Le etichette si sprecano nel tentativo di definire le diverse affiliazioni culturali, storiche e politiche della scrittrice Svjatlana Aljaksandrauna (in bielorusso) / Svetlana Aleksandrovna (in russo) Aleksievič (n. 1948), vincitrice del Premio Nobel per la letteratura. (Post-)Sovietica, per bagaglio storico-culturale. Bielorussa, in accordo alla sua cittadinanza. Ucraina, per esser nata nella Stanislav d’età sovietica, l’odierna Ivano-Frankivs’k. Russa (o russofona) per lingua e strumenti artistico-letterari. Di certo, sappiamo che si tratta del primo autore di lingua russa a vincere il premio dal 1987. A ventisette anni di distanza da Iosif Brodskij, apolide esistenziale per eccellenza, che, in occasione del conferimento del Premio, si rivolse proprio alle ‘ombre’ che inquietavano il suo peregrinare artistico-culturale e il cui “numero è grande e decisivo nell’esistenza di ogni uomo di lettere consapevole”. Forse è proprio il dialogo con una ‘collettività’, intesa tanto in termini letterari quanto generazionali, ad essere l’unico collante tra due autori separati da dimensioni estetiche antitetiche e da differenti percezioni storiche. “Per le sue opere polifoniche, un monumento alla sofferenza e al coraggio nella nostra epoca”: così viene motivata la scelta della commissione nella nota ufficiale dell’Accademia svedese.


La breve giustificazione che accompagna l’assegnazione del premio Nobel per la letteratura del 2015 si rivela essere un utile viatico per comprendere il valore attribuito oggi alla prosa documentaria di Aleksievič. In primo luogo, a chi rimanda la ‘polifonia’ di voci cui si fa riferimento?
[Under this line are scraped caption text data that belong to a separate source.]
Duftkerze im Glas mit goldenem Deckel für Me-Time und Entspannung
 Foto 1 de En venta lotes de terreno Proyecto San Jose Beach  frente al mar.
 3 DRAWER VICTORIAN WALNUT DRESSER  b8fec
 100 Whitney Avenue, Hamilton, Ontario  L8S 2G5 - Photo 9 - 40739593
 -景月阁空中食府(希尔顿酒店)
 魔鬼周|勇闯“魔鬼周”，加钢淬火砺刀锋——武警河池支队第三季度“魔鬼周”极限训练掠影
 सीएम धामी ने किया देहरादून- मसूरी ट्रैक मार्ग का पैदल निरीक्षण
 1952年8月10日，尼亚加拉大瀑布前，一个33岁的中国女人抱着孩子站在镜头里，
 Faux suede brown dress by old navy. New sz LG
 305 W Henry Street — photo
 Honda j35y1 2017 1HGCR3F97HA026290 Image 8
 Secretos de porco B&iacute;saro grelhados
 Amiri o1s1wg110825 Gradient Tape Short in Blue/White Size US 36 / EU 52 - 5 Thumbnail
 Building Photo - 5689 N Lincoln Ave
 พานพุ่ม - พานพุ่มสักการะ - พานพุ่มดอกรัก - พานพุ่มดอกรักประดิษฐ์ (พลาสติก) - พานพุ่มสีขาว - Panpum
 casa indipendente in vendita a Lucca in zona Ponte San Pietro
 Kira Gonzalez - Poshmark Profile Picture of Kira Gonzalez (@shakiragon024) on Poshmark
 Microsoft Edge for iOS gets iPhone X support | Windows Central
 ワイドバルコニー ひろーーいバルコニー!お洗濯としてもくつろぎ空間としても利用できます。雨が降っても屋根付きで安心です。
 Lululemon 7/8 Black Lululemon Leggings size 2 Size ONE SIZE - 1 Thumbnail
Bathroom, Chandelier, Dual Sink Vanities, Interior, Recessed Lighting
Quale collettività trova la propria espressione letteraria nelle opere dell’autrice? Secondo le parole di Aleksievič, ospite di recente al ‘Festivaletteratura’ di Mantova e alla rassegna di Internazionale a Ferrara, la “cultura del racconto”, intesa come sublimazione del dolore, è parte integrante della “tradizione e della vita russa”. In questo senso, Aleksievič si definisce una scrittrice-giornalista. Le sue opere sono contenitori di testimonianze, frutto del recupero di relitti culturali e storici in forma letteraria. Relitti della transizione post-sovietica, di una storia non ancora digerita. Il loro dolore diventa così riflesso del processo di autoanalisi della società e della cultura contemporanee. Si tratta di una generazione di passaggio, che vive nella necessità di ritrovare quel continuum temporale, nonché spaziale, della propria esistenza. Le parole contenute nella postfazione all’edizione italiana di "Churramabad" (Jaca book, 2013) di Andrej Volos, altro scrittore proveniente dalla stratificata costellazione post-sovietica, ci consentono di inquadrare meglio la dimensione di questa frattura storica ancora da ricucire: “Alla fine degli anni Ottanta del XX secolo tutto era ancora semplice e comprensibile. Sulle carte politiche degli atlanti una grande porzione del pianeta figurava uniformemente colorata di rosso. Era il monolitico ‘paese del socialismo vittorioso, uno e indivisibile, l’Unione sovietica. E ad un tratto l’immensa nazione aveva cominciato a sfilacciarsi in brandelli multicolori…”.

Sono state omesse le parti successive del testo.